Short descriptive text snippets:
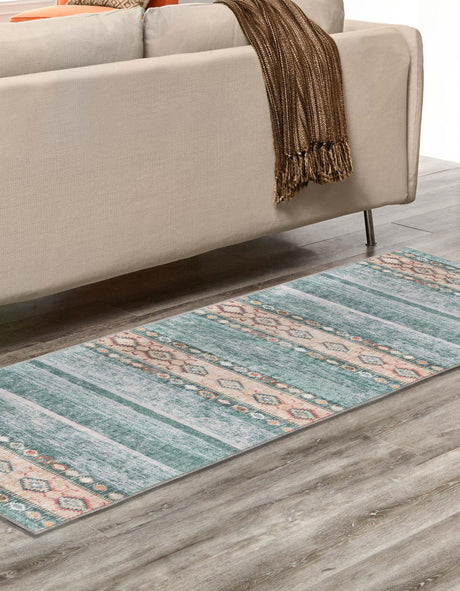 Washable Green 2' 6 x 12' Timeless Runner Area Rug Easy to Clean Stain Resistant & Durable Traditional Classic Vintage Design Carpet for Sale at Rug Engine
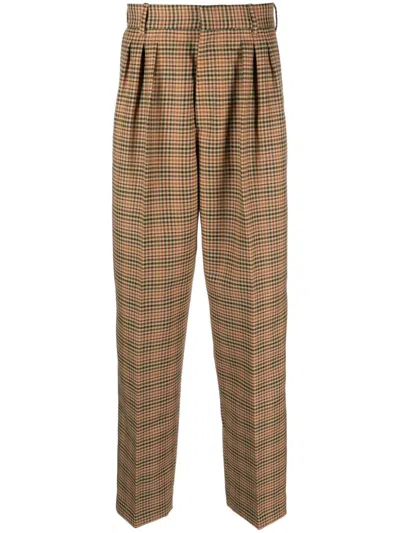 Kenzo Checkered Pleated Tailored Trousers In Tan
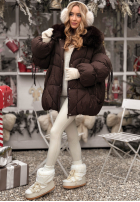 Pikowana Geacă z futerkiem Cold Without You ciocolatie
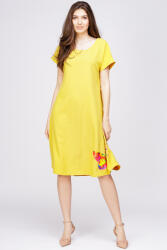 Pierino Rochie A line din in mercerizat si vascoza galbena, cu imprimeu fluture stilizat S/M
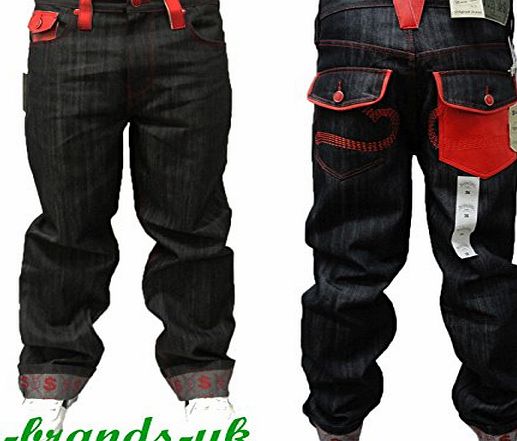 Money Talks Mens Retro fashion Money Talk Designer Hip Hop Designer Boot Cut Denim Jeans Trousers (Waist 40 / L, Red)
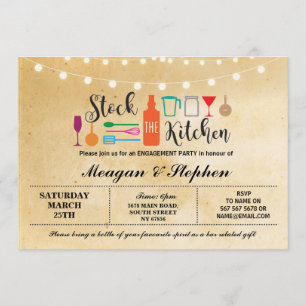 Stock The Kitchen Engagement Party Paare Dusche Einladung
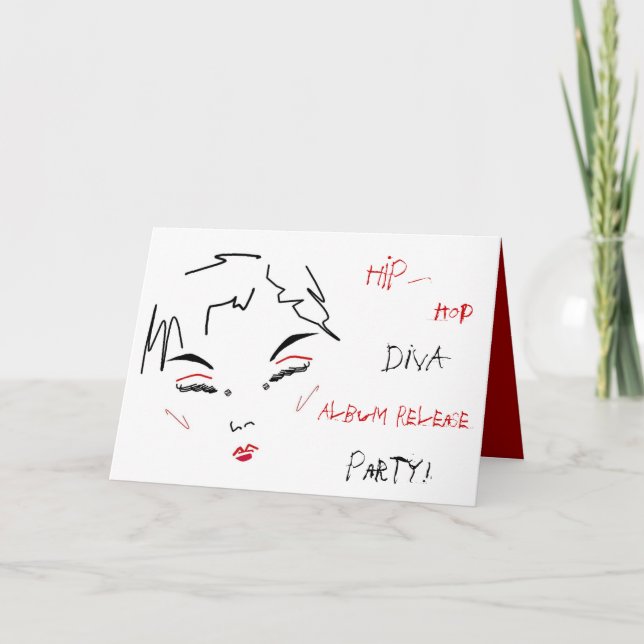 Invitación Fiesta de lanzamiento de álbum de diva de Hip-Hop (Anverso)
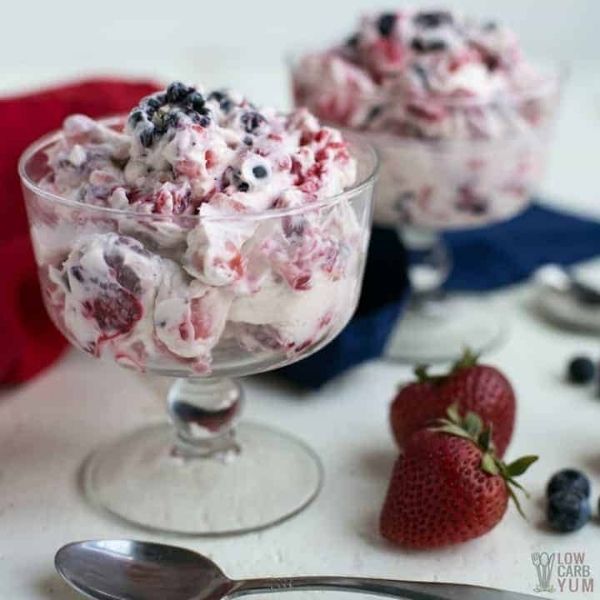 Keto Red White and Blue Cheesecake Salad Dessert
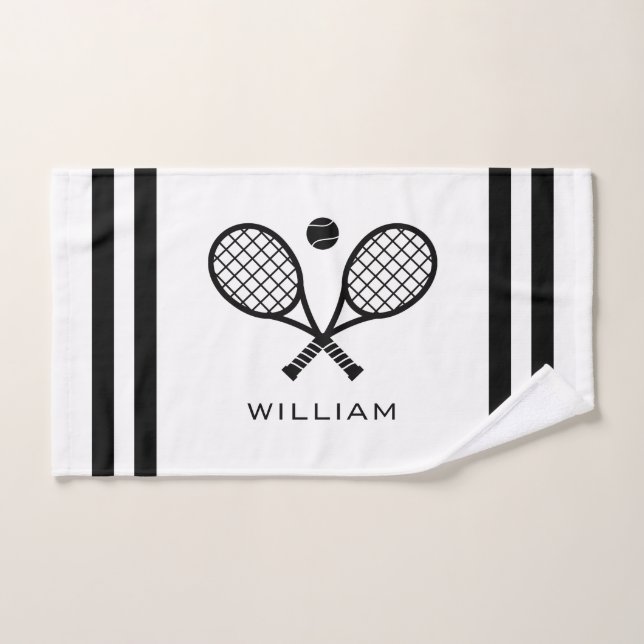 Nombre personalizado Tennis White Stripes (Toalla de mano)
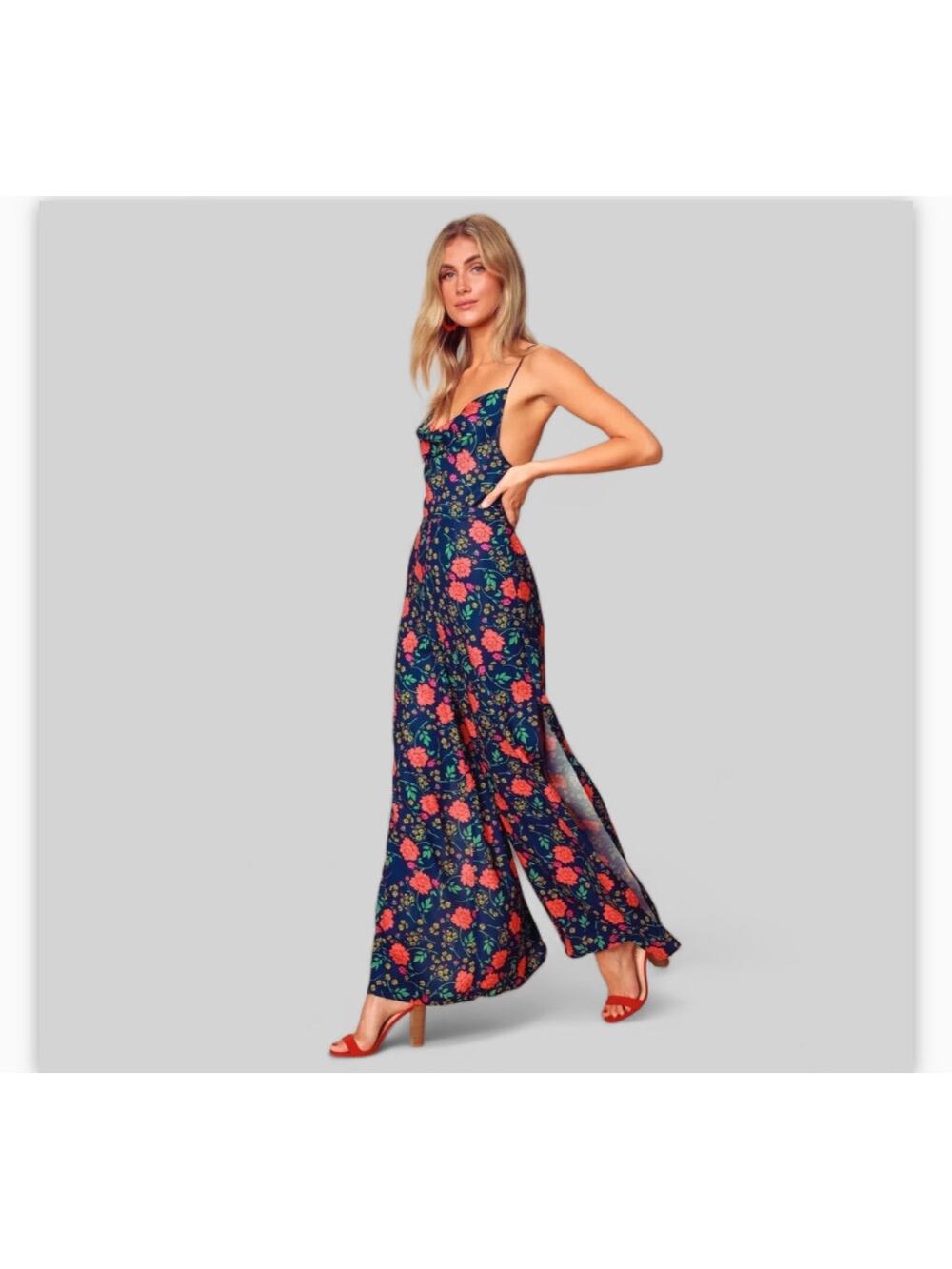 NWT -Finders Keepers Hana Floral print Cowl Neck Slit Pant Jumpsuit - Sz S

Work item: Print the data once more without any change, skipping each picture.

Expected output:
 Washable Green 2' 6 x 12' Timeless Runner Area Rug Easy to Clean Stain Resistant & Durable Traditional Classic Vintage Design Carpet for Sale at Rug Engine
 Kenzo Checkered Pleated Tailored Trousers In Tan
 Pikowana Geacă z futerkiem Cold Without You ciocolatie
 Pierino Rochie A line din in mercerizat si vascoza galbena, cu imprimeu fluture stilizat S/M
 Money Talks Mens Retro fashion Money Talk Designer Hip Hop Designer Boot Cut Denim Jeans Trousers (Waist 40 / L, Red)
 Stock The Kitchen Engagement Party Paare Dusche Einladung
 Invitación Fiesta de lanzamiento de álbum de diva de Hip-Hop (Anverso)
 Keto Red White and Blue Cheesecake Salad Dessert
 Nombre personalizado Tennis White Stripes (Toalla de mano)
 NWT -Finders Keepers Hana Floral print Cowl Neck Slit Pant Jumpsuit - Sz S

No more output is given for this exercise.